• _Description of the task_
Below, some lines carry pictures; leave those pictures out and retype exactly the lines from the one with "If you skipped" through the one with "The chemical representation of iron".

• _Data for this exercise_
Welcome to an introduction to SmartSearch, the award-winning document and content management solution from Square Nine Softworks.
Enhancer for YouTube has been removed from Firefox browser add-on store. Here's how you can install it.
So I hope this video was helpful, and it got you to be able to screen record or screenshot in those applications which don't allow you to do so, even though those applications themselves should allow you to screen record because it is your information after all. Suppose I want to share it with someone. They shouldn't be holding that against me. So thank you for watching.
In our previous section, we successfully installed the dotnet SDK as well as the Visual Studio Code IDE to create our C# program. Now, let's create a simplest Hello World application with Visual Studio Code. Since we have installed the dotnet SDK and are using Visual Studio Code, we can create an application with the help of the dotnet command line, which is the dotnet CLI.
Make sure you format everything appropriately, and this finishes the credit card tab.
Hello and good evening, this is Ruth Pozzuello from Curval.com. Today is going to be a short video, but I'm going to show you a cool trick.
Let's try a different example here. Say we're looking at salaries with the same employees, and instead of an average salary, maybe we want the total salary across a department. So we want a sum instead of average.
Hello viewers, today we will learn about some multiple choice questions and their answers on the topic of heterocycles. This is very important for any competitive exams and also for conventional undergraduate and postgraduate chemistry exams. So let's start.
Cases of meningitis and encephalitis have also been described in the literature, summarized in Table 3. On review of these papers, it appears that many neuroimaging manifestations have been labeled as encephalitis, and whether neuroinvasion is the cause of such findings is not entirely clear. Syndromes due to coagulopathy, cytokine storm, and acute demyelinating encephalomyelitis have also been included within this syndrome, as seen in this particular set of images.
...
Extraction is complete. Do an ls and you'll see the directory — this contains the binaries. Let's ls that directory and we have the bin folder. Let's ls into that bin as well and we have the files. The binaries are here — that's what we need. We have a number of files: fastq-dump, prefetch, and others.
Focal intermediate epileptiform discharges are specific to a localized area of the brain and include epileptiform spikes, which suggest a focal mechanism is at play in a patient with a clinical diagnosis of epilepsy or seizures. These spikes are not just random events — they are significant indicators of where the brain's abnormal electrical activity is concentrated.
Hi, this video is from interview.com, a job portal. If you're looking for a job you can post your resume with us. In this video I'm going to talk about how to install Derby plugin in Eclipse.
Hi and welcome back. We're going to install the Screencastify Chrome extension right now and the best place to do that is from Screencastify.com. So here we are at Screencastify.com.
...
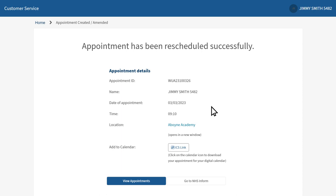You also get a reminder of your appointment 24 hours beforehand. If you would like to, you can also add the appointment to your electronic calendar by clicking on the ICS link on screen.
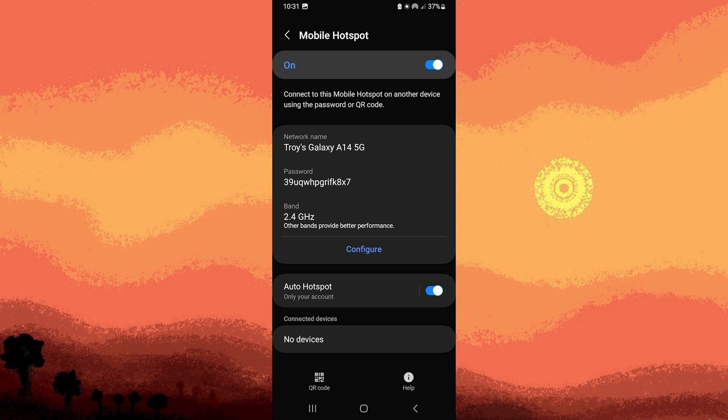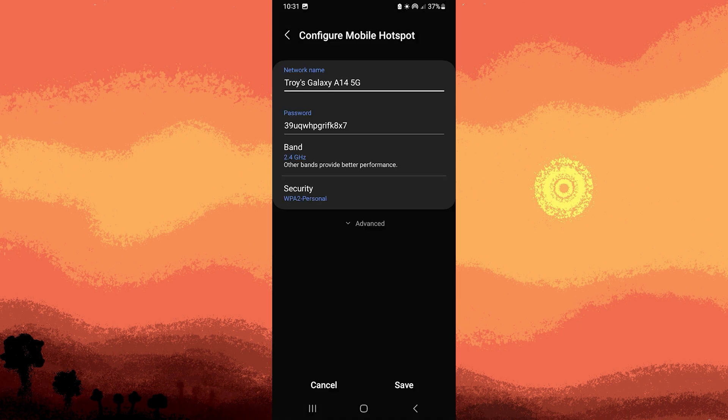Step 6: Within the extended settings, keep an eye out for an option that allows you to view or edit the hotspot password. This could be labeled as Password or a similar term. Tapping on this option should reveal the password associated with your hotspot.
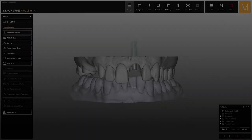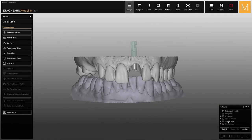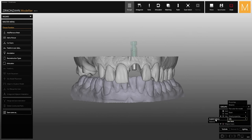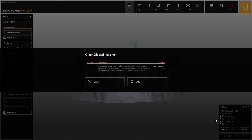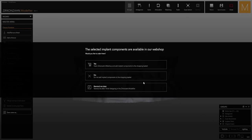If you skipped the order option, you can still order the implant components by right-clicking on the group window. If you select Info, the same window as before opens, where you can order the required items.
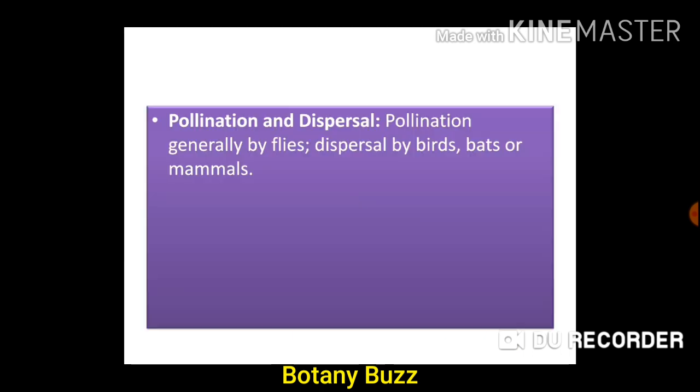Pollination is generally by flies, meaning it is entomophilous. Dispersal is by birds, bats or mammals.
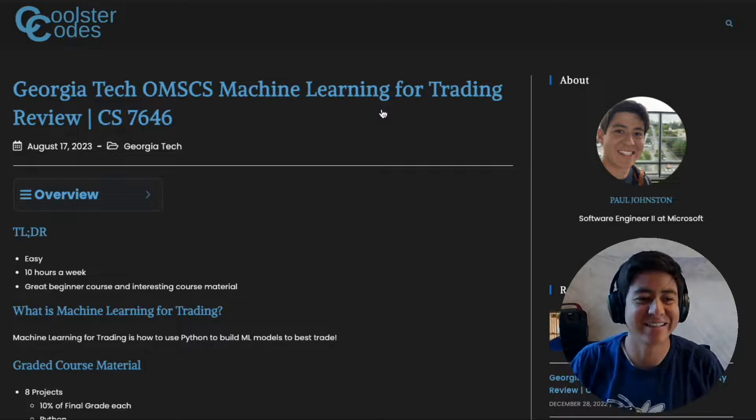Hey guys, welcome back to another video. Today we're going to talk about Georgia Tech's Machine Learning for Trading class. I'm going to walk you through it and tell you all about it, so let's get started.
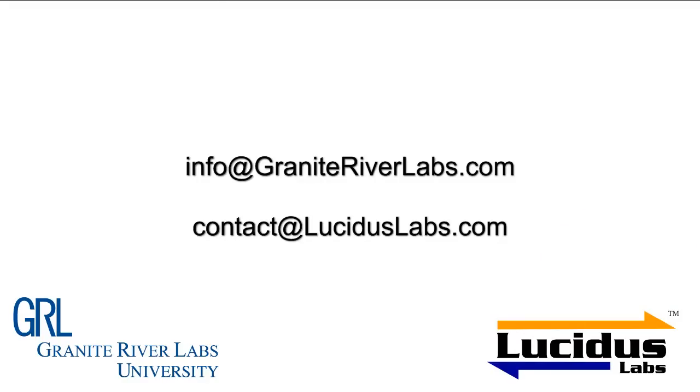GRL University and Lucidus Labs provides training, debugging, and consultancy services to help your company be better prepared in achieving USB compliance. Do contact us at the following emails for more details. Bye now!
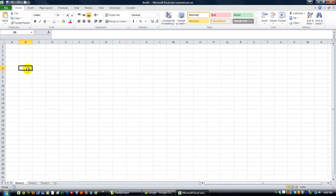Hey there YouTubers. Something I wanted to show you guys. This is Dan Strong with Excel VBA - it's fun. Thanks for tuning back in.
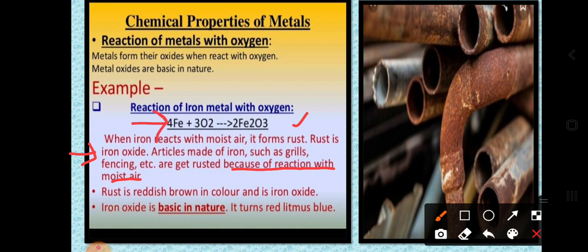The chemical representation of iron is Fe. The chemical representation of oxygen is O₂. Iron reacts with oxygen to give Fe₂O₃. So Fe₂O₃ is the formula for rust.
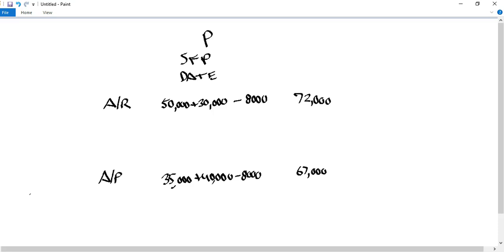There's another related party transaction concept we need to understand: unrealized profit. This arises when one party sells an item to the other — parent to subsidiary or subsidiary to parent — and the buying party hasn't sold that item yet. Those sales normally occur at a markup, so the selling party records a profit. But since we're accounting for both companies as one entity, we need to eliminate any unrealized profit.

• _Final answer_
If you skipped the order option, you can still order the implant components by right-clicking on the group window. If you select Info, the same window as before opens, where you can order the required items.
Pollination is generally by flies, meaning it is entomophilous. Dispersal is by birds, bats or mammals.
Hey guys, welcome back to another video. Today we're going to talk about Georgia Tech's Machine Learning for Trading class. I'm going to walk you through it and tell you all about it, so let's get started.
GRL University and Lucidus Labs provides training, debugging, and consultancy services to help your company be better prepared in achieving USB compliance. Do contact us at the following emails for more details. Bye now!
Hey there YouTubers. Something I wanted to show you guys. This is Dan Strong with Excel VBA - it's fun. Thanks for tuning back in.
The chemical representation of iron is Fe. The chemical representation of oxygen is O₂. Iron reacts with oxygen to give Fe₂O₃. So Fe₂O₃ is the formula for rust.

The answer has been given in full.